The First Party Claims Conference West is underway. One of California’s premier property insurance attorneys, Joel Gumbiner, is discussing the topic of causation and concurrent causation in California.
California insurance law is unique because it has statutory law in Code 530, which sets the standard for causation:
An insurer is liable for a loss of which a peril insured against was the proximate cause, although a peril not contemplated by the contract may have been a remote cause of the loss; but he is not liable for a loss of which the peril insured against was only a remote cause.
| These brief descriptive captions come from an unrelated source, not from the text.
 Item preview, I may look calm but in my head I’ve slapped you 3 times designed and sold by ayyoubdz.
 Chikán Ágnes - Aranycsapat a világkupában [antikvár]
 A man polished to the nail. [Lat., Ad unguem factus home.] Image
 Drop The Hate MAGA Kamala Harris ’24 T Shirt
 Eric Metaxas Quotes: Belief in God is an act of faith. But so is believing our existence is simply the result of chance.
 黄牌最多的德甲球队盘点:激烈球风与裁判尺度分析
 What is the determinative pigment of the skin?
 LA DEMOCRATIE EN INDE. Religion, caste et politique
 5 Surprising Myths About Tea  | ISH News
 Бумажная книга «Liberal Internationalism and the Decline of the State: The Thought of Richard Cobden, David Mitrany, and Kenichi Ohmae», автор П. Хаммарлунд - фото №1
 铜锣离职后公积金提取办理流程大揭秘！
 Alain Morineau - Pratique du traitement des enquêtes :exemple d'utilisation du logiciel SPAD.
My research of case law construing this statute shows hundreds of cases debating whether a cause of loss is covered, but here are a few examples of California cases in the context of an all-risk insurance policy:
Under an “all-risk” property insurance policy, it is the efficient proximate cause, i.e., the predominant cause of the loss, that determines coverage under California law. Malkin v. Federal Insurance Company, (C.D.Cal. 2022), 562 F.Supp.3d 854.
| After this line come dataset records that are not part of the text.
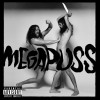 Megapuss Older Lives (Album Version) 试听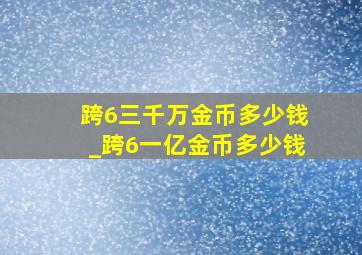 跨6三千万金币多少钱_跨6一亿金币多少钱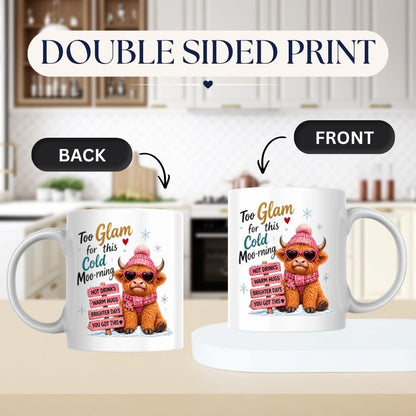 Sassy Mug "Too Glam for this Cold Moo-rning" Highland Cow 325ml Ceramic Coffee Mug Cute Winter Tea Cup with Heart Sunglasses, Pink Beanie & Motivational Sign Gift | Available in Multicolours | Fast Dispatch by UK Seller (M1297)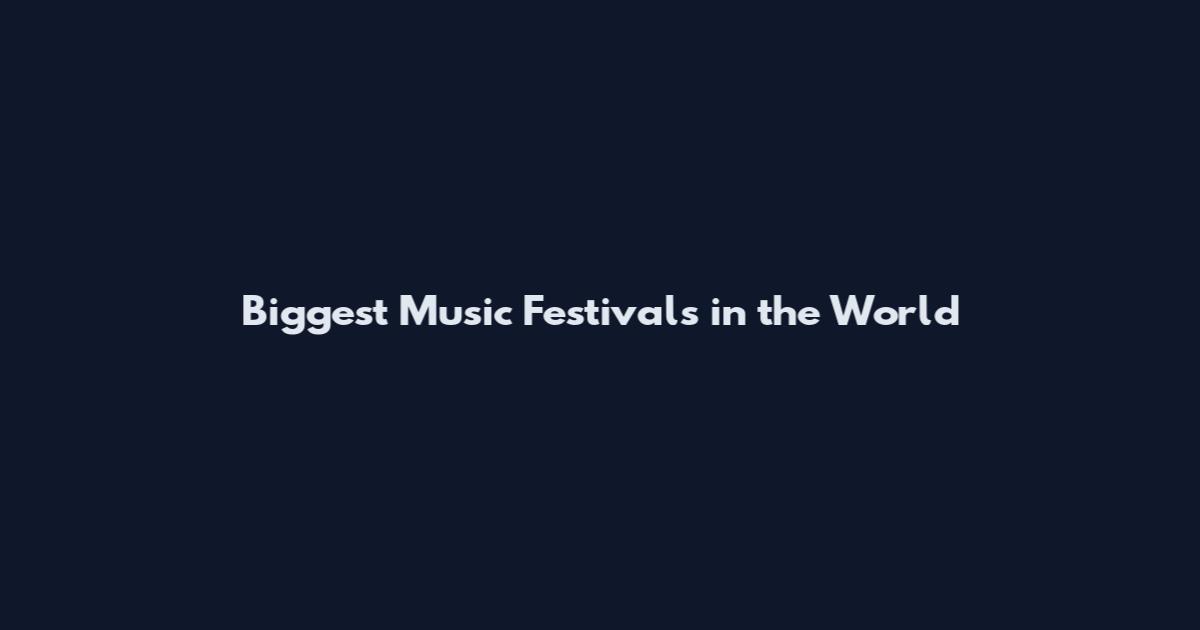 Biggest Music Festivals in the World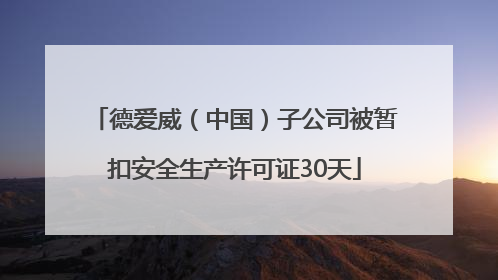 德爱威（中国）子公司被暂扣安全生产许可证30天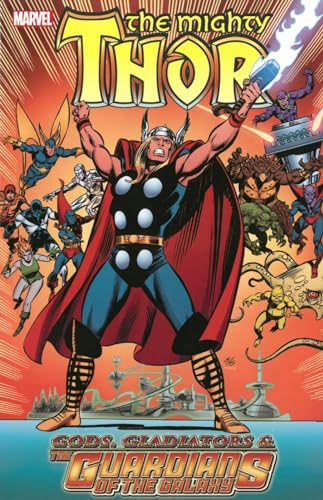 Stock image for Thor: Gods, Gladiators & the Guardians of the Galaxy (Thor (Graphic Novels)) for sale by Ergodebooks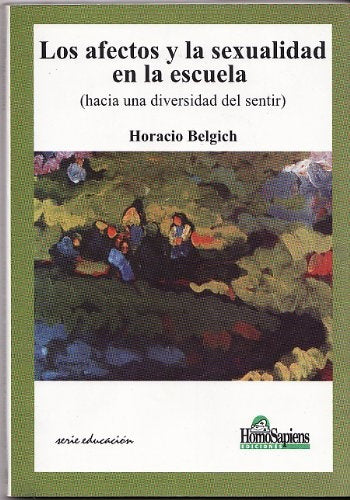 los afectos y la sexualidad en la escuela | Horacio Belgich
Under all-risk or open peril insurance policy for rental house, if loss was caused by a combination of covered and excluded risks, loss was covered if the most important or predominant cause was a covered risk. Vardanyan v. AMCO Ins. Co. (App. 5 Dist. 2015) 197 Cal.Rptr.3d 195, 243 Cal.App.4th 779, review denied.
In an “all-risk” homeowners insurance policy, the policy covers all risks except those specifically excepted or excluded, whereas in a “specified-peril” policy, only those risks specifically named are covered. Freedman v. State Farm Ins. Co. (App. 2 Dist. 2009) 93 Cal.Rptr.3d 296, 173 Cal.App.4th 957, review denied.
All-risk builder’s risk policy for flood control project provided coverage for flood damage to project where flooding contributed to or aggravated loss, even though excluded design defect was found to be efficient proximate cause of the loss, where policy endorsement provided coverage for loss “caused by, contributed to or aggravated by flooding.” Mission National Ins. Co. v. Coachella Valley Water Dist. (App. 4 Dist. 1989) 258 Cal.Rptr. 639, 210 Cal.App.3d 484, review denied.
When determining whether insurance coverage exists under an “all-risk” homeowner’s policy when loss to insured’s property can be attributed to two causes, one of which is a nonexcluded peril, and the other an excluded peril, courts are to find coverage only if nonexcluded peril is the efficient proximate cause of the loss, rather than finding coverage whenever a nonexcluded peril is a concurrent proximate cause of the loss. Garvey v. State Farm Fire & Casualty Co. (1989) 257 Cal.Rptr. 292, 48 Cal.3d 395, 770 P.2d 704.
Question of whether included risk of negligent construction or excluded risk of earth movement was the efficient proximate cause of homeowner’s addition pulling away from main structure was for jury in action determining coverage under “all-risk” homeowner’s policy. Garvey v. State Farm Fire & Casualty Co. (1989) 257 Cal.Rptr. 292, 48 Cal.3d 395, 770 P.2d 704.
Gumbiner noted how mudslides following wildfires resulted in the California Insurance Commissioner sending a formal notice to insurers in 2018, reminding them that the fires were the “predominant” cause of the mudslides and that coverage should be paid. I am not certain other states with different case law would find coverage.
I found Gumbiner’s discussion of multiple occurrences to be fascinating. When faced with these types of losses, I first remind people to read the policy to see if there is a definition of occurrence. When multiple thefts occur, these cases are often fights over deductibles—are the thefts the result of a common scheme and, therefore, one occurrence or separate occurrences? If considered separate, the deductible has to be considered each time.
Part of the point of this blog is to encourage attendance at conferences with great teachers and knowledgeable attendees, such as the First Party Claims Conference. Education makes all of us better as we study and discuss claims situations in different parts of the country.
Thought For The Day
Those who use ‘Correlation is not the same as causation’ as a magic incantation to dismiss all fact-using professions are fools holding a lit match in one hand and an open gas can in the other, screaming, ‘One has nothing to do with the other!’